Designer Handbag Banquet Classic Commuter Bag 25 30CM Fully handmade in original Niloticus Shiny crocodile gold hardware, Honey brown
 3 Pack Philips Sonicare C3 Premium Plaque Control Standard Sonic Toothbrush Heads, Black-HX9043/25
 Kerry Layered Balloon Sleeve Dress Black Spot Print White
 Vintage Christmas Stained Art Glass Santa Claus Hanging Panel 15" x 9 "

+ + + + + + +

About this task:
Wherever the string "Black" occurs in the data, copy the line that holds it.

Completed task:
 3 Pack Philips Sonicare C3 Premium Plaque Control Standard Sonic Toothbrush Heads, Black-HX9043/25
 Kerry Layered Balloon Sleeve Dress Black Spot Print White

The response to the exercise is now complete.